→ Exercise prompt
Lines holding the string "White" are the ones to copy; find them all in the data.

+-------+

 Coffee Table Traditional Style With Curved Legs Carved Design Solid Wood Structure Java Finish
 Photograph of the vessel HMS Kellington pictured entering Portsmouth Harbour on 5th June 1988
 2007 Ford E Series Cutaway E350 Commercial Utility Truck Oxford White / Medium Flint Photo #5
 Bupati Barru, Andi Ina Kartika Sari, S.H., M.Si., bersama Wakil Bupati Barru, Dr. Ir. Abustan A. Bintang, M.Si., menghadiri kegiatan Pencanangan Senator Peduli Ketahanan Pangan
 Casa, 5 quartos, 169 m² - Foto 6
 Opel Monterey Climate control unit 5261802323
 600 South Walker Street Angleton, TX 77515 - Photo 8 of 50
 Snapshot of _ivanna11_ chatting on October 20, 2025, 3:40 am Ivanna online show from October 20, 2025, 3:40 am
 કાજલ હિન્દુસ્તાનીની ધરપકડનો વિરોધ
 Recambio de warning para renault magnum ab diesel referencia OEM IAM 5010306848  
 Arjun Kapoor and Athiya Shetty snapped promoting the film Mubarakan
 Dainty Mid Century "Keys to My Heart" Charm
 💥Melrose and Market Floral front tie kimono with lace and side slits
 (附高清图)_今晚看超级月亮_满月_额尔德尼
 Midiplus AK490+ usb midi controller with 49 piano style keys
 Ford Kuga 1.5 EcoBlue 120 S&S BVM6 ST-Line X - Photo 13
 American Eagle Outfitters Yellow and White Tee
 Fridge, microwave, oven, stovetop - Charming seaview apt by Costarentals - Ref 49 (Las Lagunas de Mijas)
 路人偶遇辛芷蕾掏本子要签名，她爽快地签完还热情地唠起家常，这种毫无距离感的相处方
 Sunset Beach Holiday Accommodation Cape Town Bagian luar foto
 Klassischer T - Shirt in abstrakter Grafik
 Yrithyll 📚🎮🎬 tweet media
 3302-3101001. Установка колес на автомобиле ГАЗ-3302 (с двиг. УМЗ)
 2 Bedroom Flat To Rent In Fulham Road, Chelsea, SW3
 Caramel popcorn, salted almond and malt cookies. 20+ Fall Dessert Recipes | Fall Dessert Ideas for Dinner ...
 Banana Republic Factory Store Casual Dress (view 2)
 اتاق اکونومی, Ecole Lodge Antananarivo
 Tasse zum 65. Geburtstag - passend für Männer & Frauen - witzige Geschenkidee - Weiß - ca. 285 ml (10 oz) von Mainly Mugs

+-------+

→ Written answer
 2007 Ford E Series Cutaway E350 Commercial Utility Truck Oxford White / Medium Flint Photo #5
 American Eagle Outfitters Yellow and White Tee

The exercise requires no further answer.